=== Exercise aim ===
Reproduce every entry word for word. Drop all pictures from the copy.

Dataset entries
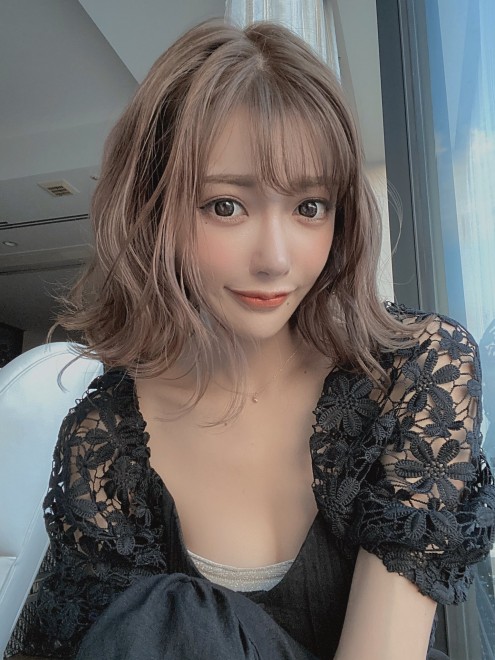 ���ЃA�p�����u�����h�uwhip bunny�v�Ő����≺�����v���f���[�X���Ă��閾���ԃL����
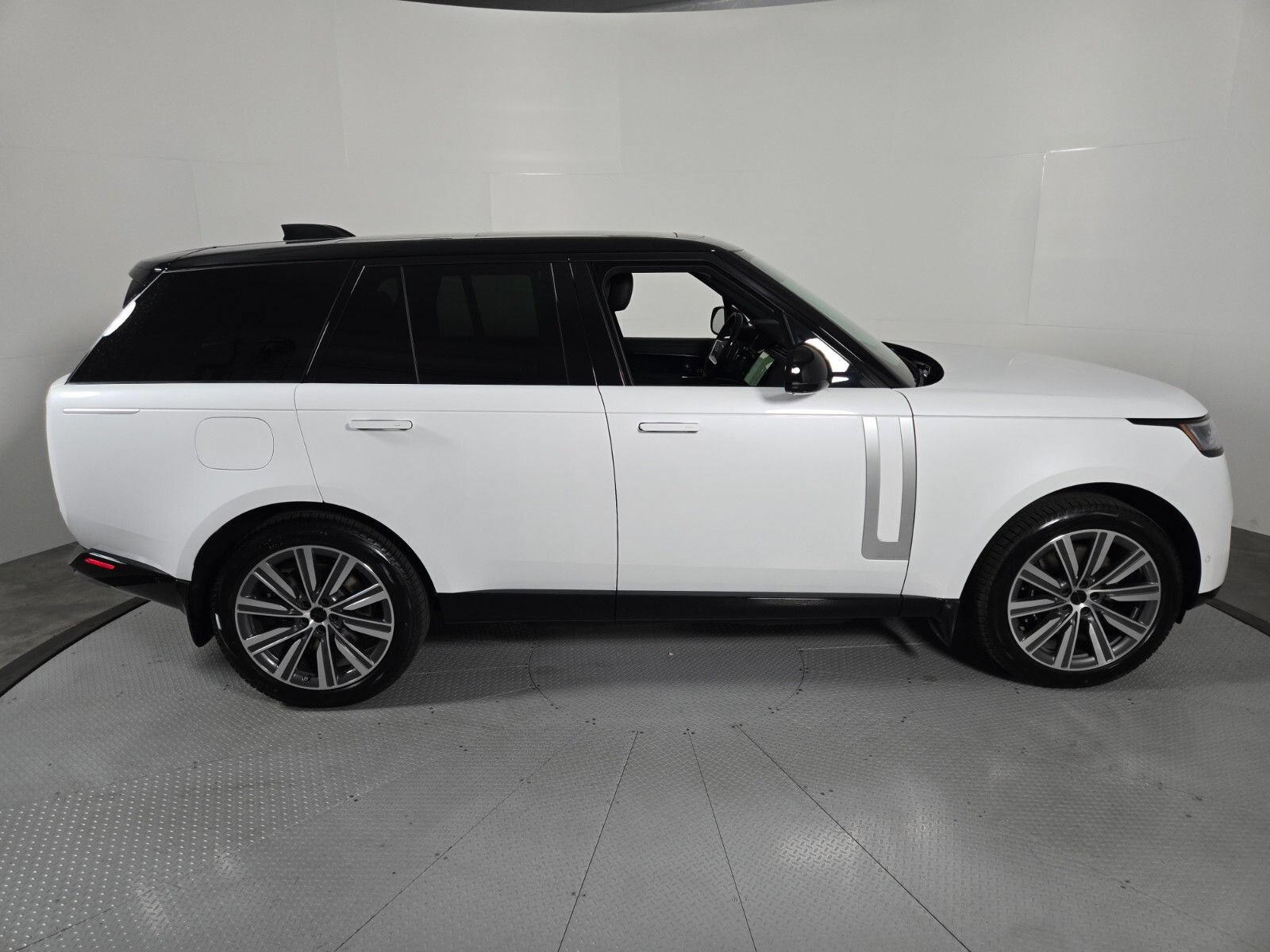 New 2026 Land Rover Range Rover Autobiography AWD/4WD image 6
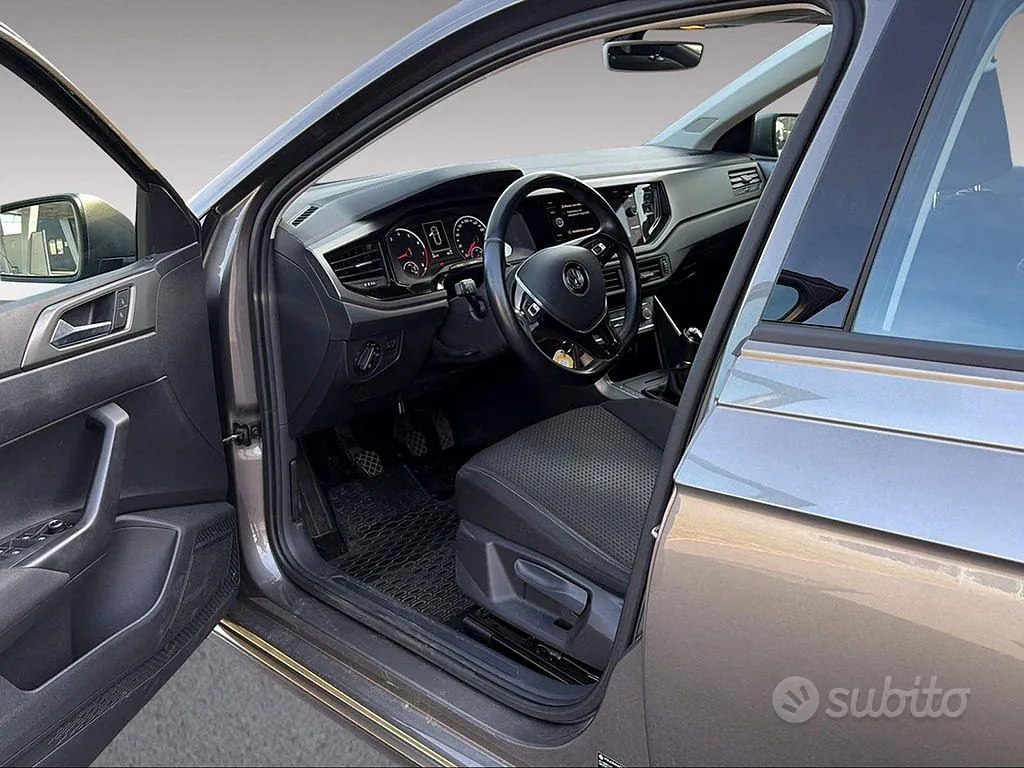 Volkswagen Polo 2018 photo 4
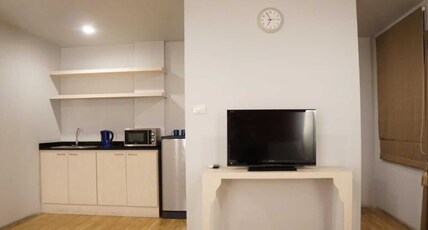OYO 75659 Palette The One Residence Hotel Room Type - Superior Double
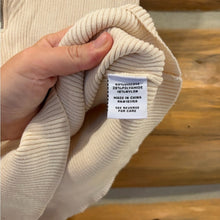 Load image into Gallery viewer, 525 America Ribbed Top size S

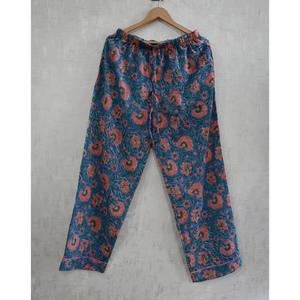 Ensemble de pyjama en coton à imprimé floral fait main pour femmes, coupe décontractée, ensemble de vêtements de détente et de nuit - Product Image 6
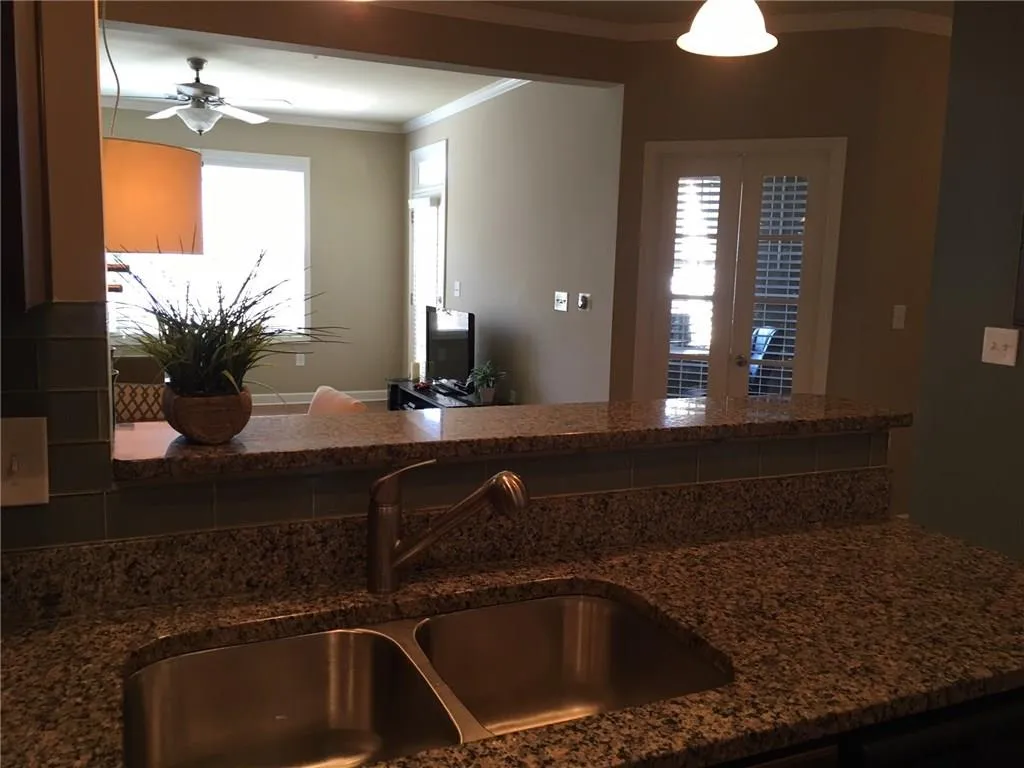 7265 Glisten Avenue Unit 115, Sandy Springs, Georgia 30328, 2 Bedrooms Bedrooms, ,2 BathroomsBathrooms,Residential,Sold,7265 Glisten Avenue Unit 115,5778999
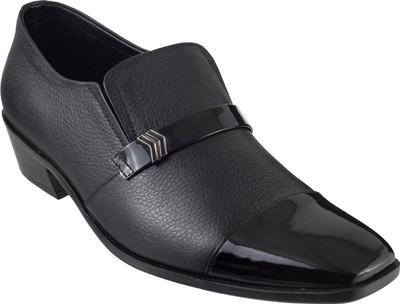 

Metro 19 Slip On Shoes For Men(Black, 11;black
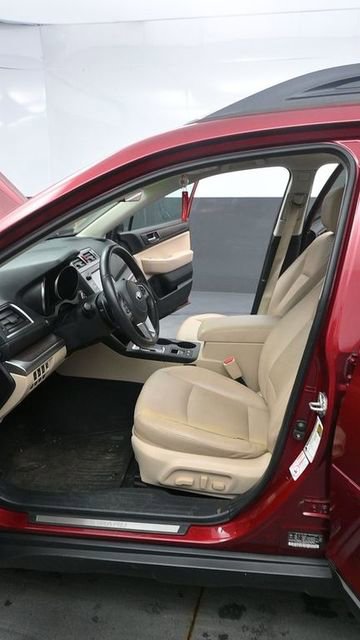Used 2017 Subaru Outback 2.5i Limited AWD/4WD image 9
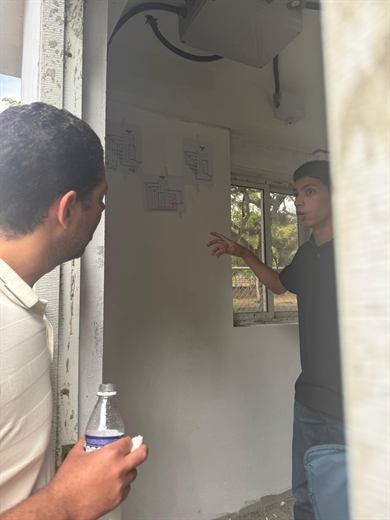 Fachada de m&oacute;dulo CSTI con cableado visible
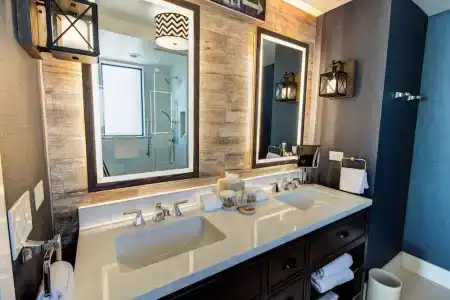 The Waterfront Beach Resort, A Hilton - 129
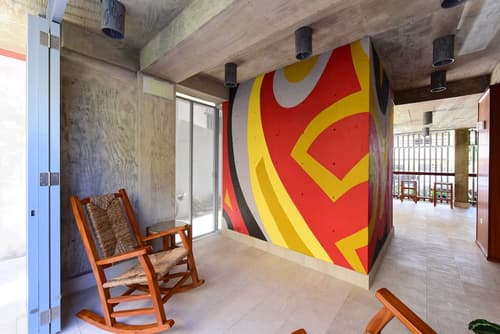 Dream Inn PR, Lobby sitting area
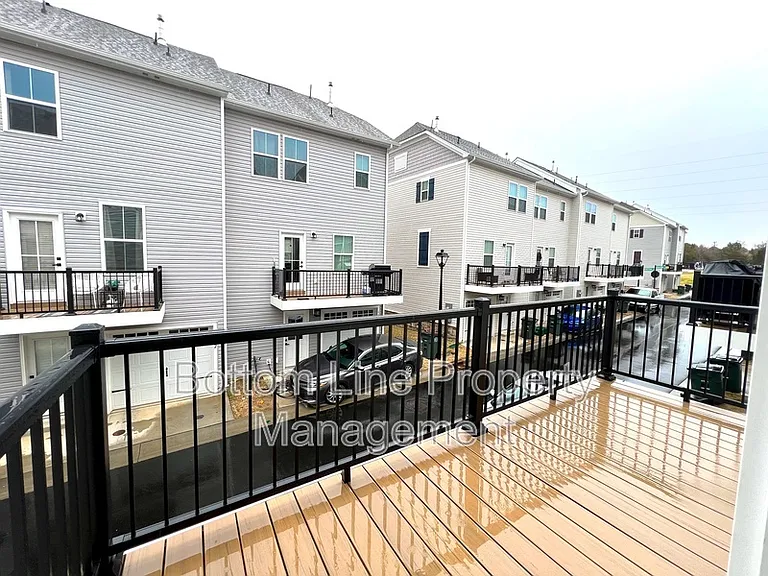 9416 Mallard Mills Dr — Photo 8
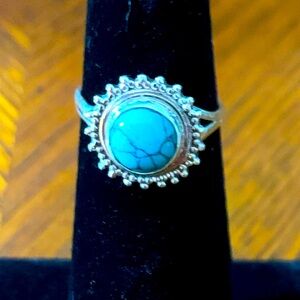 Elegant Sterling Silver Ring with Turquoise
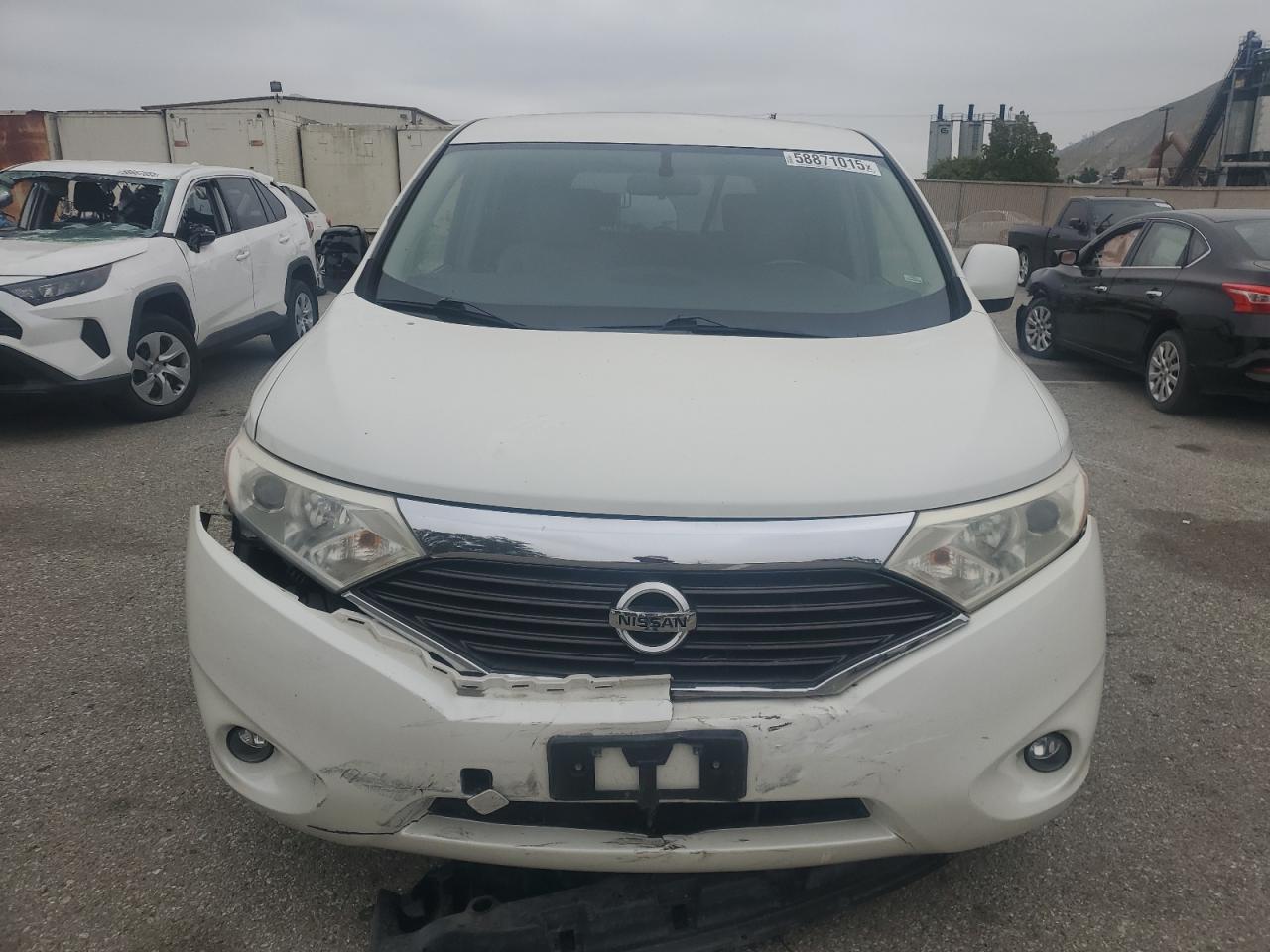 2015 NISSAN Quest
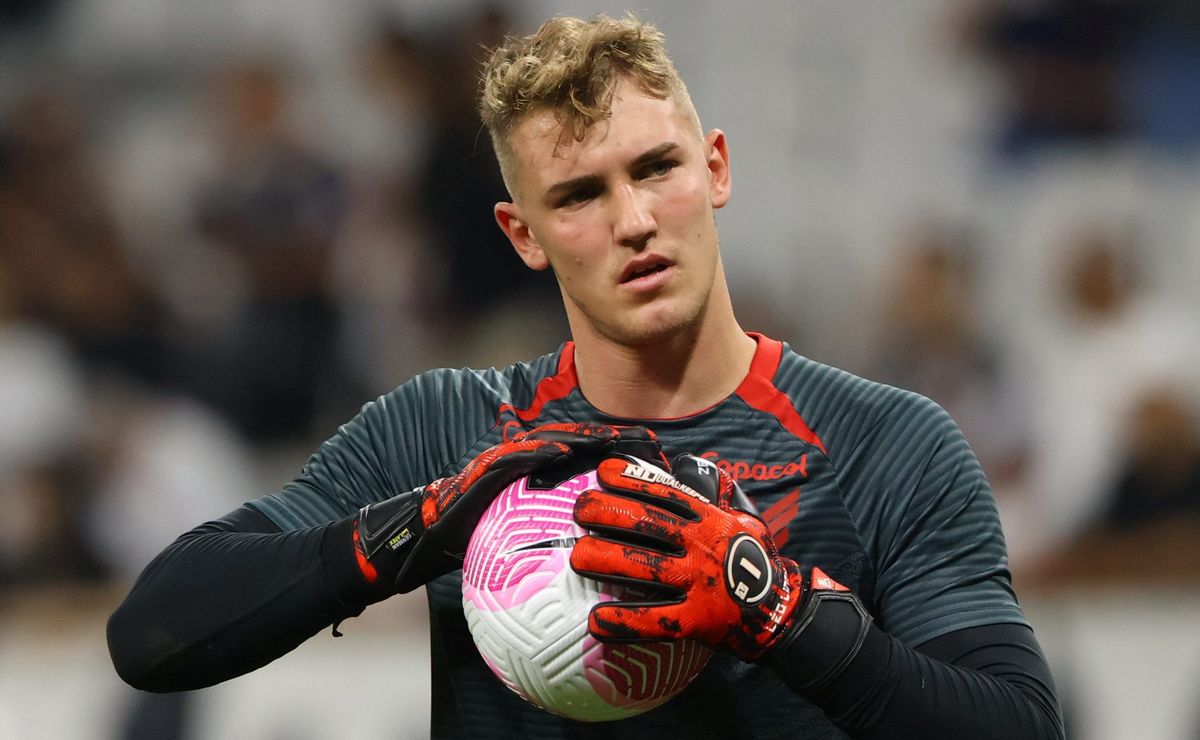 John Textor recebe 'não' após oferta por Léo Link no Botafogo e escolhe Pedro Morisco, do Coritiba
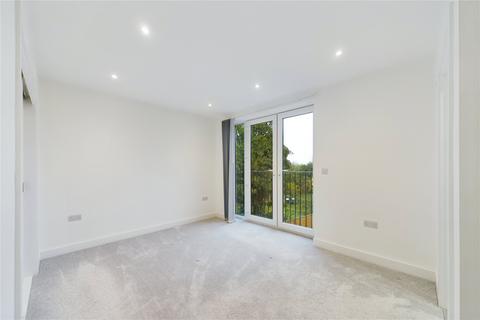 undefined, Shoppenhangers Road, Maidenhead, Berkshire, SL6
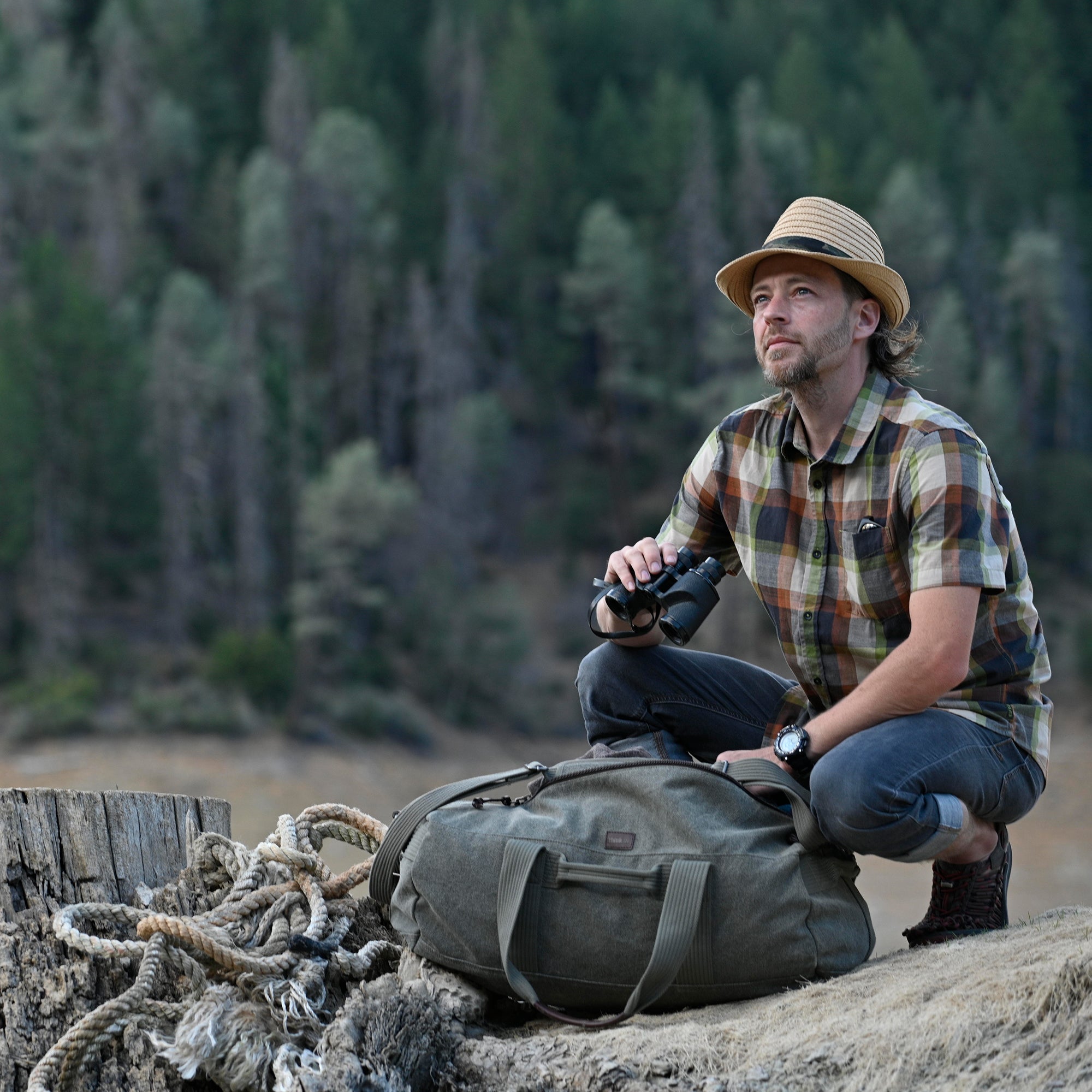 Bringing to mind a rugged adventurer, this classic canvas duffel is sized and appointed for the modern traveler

=== Answer to this problem ===
 ���ЃA�p�����u�����h�uwhip bunny�v�Ő����≺�����v���f���[�X���Ă��閾���ԃL����
 New 2026 Land Rover Range Rover Autobiography AWD/4WD image 6
 Volkswagen Polo 2018 photo 4
OYO 75659 Palette The One Residence Hotel Room Type - Superior Double
 Load image into Gallery viewer, 525 America Ribbed Top size S

 Ensemble de pyjama en coton à imprimé floral fait main pour femmes, coupe décontractée, ensemble de vêtements de détente et de nuit - Product Image 6
 7265 Glisten Avenue Unit 115, Sandy Springs, Georgia 30328, 2 Bedrooms Bedrooms, ,2 BathroomsBathrooms,Residential,Sold,7265 Glisten Avenue Unit 115,5778999

Metro 19 Slip On Shoes For Men(Black, 11;black
Used 2017 Subaru Outback 2.5i Limited AWD/4WD image 9
 Fachada de m&oacute;dulo CSTI con cableado visible
 The Waterfront Beach Resort, A Hilton - 129
 Dream Inn PR, Lobby sitting area
 9416 Mallard Mills Dr — Photo 8
 Elegant Sterling Silver Ring with Turquoise
 2015 NISSAN Quest
 John Textor recebe 'não' após oferta por Léo Link no Botafogo e escolhe Pedro Morisco, do Coritiba
 undefined, Shoppenhangers Road, Maidenhead, Berkshire, SL6
 Bringing to mind a rugged adventurer, this classic canvas duffel is sized and appointed for the modern traveler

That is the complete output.